A escalada tarifária norte-americana tem como base a Seção 301 da Lei de Comércio Americana, um instrumento que permite ao governo impor sanções a países cujas práticas comerciais sejam consideradas desleais.
O embaixador e representante comercial dos EUA, Jamieson Greer, argumenta que a importação de bens oriundos de trabalho escravo onera o comércio do país, forçando os trabalhadores americanos a competir em condições de desigualdade no mercado global.
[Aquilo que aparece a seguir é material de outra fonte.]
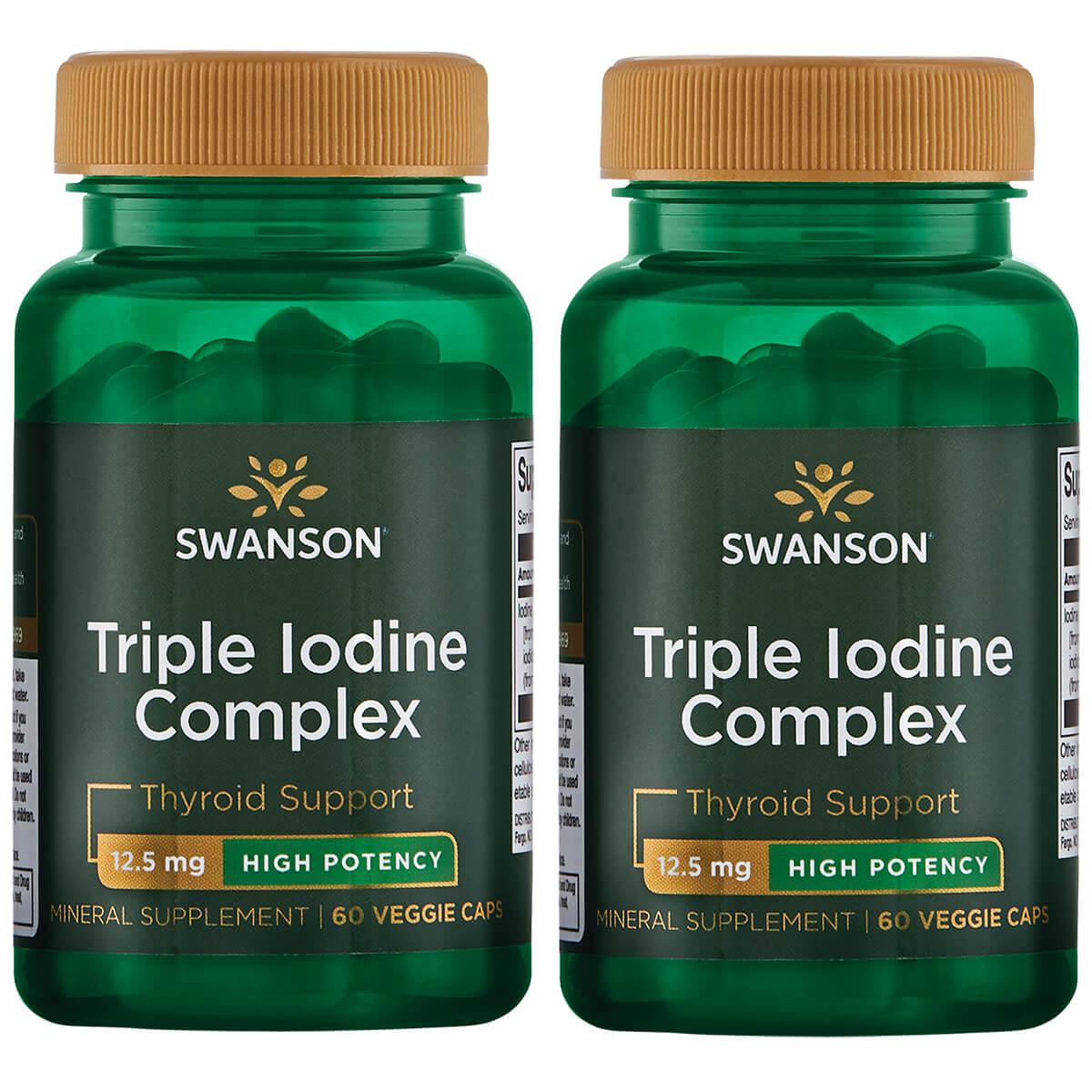 Swanson Ultra Triple Iodine Complex - High Potency 2 Pack Vitamin 12.5 mg 60 Veg Caps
Durante o anúncio oficial, Greer classificou como inaceitável a falha dos principais parceiros comerciais em enfrentar essa questão. Segundo o diplomata estadunidense, a administração não tolerará mais essa disparidade, o que motivou a divisão das sanções em duas faixas distintas.
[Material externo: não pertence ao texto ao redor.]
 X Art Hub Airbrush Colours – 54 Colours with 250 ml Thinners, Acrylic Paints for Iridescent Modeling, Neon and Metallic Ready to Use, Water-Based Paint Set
Um grupo de 14 economias, incluindo Canadá, União Europeia, México e Reino Unido, receberá uma taxa menor, de 10%, pois o USTR reconhece que essas nações impuseram proibições à importação de produtos derivados de trabalho forçado, ainda que com ressalvas.

Por outro lado, o Brasil foi enquadrado no grupo de 46 países que sofrerão a alíquota mais dura, de 12,5%. Na avaliação do governo americano, nações como Brasil, China, Índia e África do Sul não conseguiram impor e aplicar efetivamente medidas restritivas contra essa prática ilegal na cadeia produtiva. Existe, contudo, uma exceção prevista para a indústria têxtil, que contará com um mecanismo especial para reduzir o impacto sobre um volume específico de importações de vestuário, calculado com base no fluxo comercial histórico entre os países.
O cenário para a diplomacia e a economia brasileiras torna-se ainda mais complexo ao se considerar o contexto desta semana. Apenas um dia antes do anúncio sobre o trabalho forçado, os Estados Unidos já haviam concluído uma investigação paralela que propôs uma tarifa de 25% contra o Brasil.
Essa primeira sanção foi motivada por alegações de “práticas incoerentes” e “irrazoáveis”, englobando divergências sobre comércio digital, serviços de pagamento eletrônico, desmatamento ilegal e proteção de propriedade intelectual.
Nos bastidores, diplomatas brasileiros avaliam que o novo “tarifaço” possui um caráter mais político do que estritamente econômico, refletindo a postura protecionista da atual administração em Washington.
O Itamaraty, que conduziu as negociações ao longo da investigação, mantém cautela. O ministro das Relações Exteriores, Mauro Vieira, já havia defendido anteriormente que os Estados Unidos se abstivessem de aplicar punições, ressaltando que evidências robustas foram apresentadas durante as tratativas, as quais teriam sido ignoradas pelo USTR na formulação da tarifa.
A iminência de uma taxação combinada que pode chegar a 37,5% sobre diversos produtos nacionais representa um desafio sem precedentes para a balança comercial do país. Registre-se que já havia uma tarifa geral de 10%.
Estimativas de mercado e análises de consultorias de mercado exterior apontam que até US$ 15 bilhões em exportações brasileiras podem ser diretamente afetados caso as medidas entrem em vigor.
Os próximos passos dessa disputa ocorrerão em Washington, onde estão agendadas audiências públicas para o início de julho, culminando no dia 7 para debater especificamente a tarifa sobre o trabalho forçado.
O desfecho dessas deliberações definirá não apenas o futuro das exportações brasileiras para o mercado norte-americano, mas também o tom das relações bilaterais no curto e médio prazo.
Não adianta o presidente Lula adotar o “sapateado de catita” para tentar engabelar o eleitorado, uma vez que o empresariado brasileiro, especialmente do agronegócio há muito já se posicionou contra o atual governo e a possibilidade de uma reeleição assombra os empresários. É nesse cenário que o Brasil se encontra e as perspectivas não são de fácil solução.
* Reportagem: Val-André Mutran (Brasília-DF), especial para o Portal Ver-o-Fato.